[gmx-users] multi problem

Mark Abraham Mark.Abraham at anu.edu.au
Wed Jun 13 09:42:44 CEST 2007


Andrei Neamtu wrote:
> Dear gmx users,
> 
> I have problems in running a simulation on several nodes using the 
> -multi option:
> 
> I make the .tpr files for different temperatures (I want to use the REMD 
> code)
> 
> 
> grompp -f param0.mdp -po param0.out.mdp -c conf.gro -p topol.top -o 
> sim0.tpr
> grompp -f param1.mdp -po param1.out.mdp -c conf.gro -p topol.top -o 
> sim1.tpr
> grompp -f param2.mdp -po param2.out.mdp -c conf.gro -p topol.top -o 
> sim2.tpr
> .
> .
> .
> grompp -f paramN.mdp -po paramN.out.mdp -c conf.gro -p topol.top -o 
> simN.tpr
> 
> where N is the number of nodes in my cluster (P4 with gigabit ethernet)
> 
> After the collection of input .tpr files are generated I start the 
> simulations with:
> 
> mpirun -np N mdrun_mpi -np N -multi -replex 2000 -s sim.tpr -o sim.trr 
> .......
> 
> but the program stops saying that it cannot find the sim1.tpr, sim2.tpr 
> ....
> It do *FINDS* the sim0.tpr for the node where I start the simulation but 
> for the rest of nodes it doesn't.

Have you made sure the other nodes are using the same working directory 
and/or its contents are being propagated properly?
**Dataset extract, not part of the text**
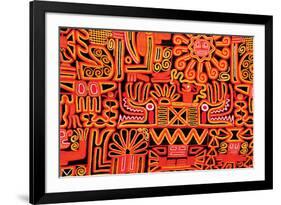 Inca Design Pattern-null-Framed Art Print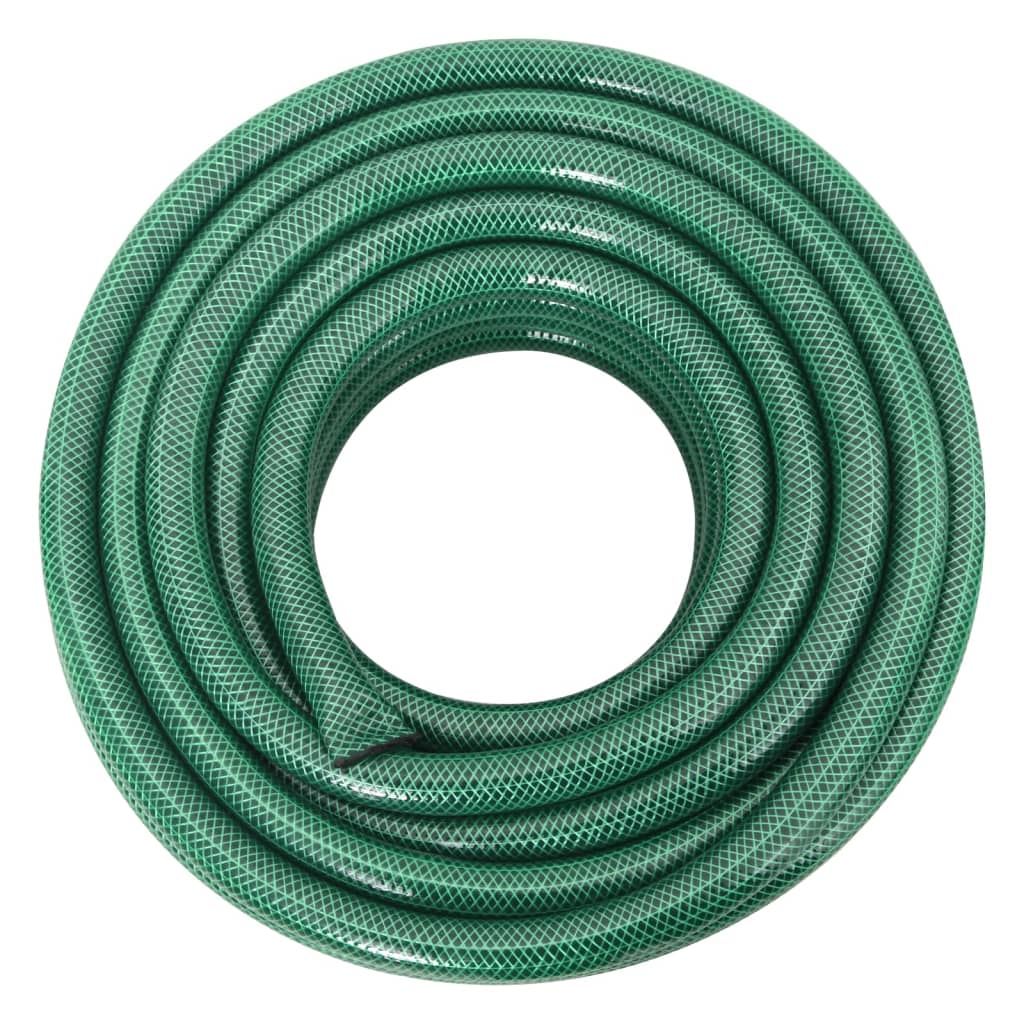 Vidaxl tuyau d'arrosage avec kit de raccord 0,75'' 20 m PVC vert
Each MPI process 
tries to load a different .tpr and (at least) the correct one needs to 
be accessible from any given node.

> I tried to put the simulation on a multi core machine (2 cores) and it 
> works fine for N=2. But when I link 2 multicore machines the program 
> stops with the same message except that the first .tpr file not found is 
> the one corresponding to the second machine.
> 
> I saw on the list that there were similar problems in the past but I 
> didn't find any solution to them. I tried to soft link the mdrun_mpi 
> executable in the working directory but the problem persists.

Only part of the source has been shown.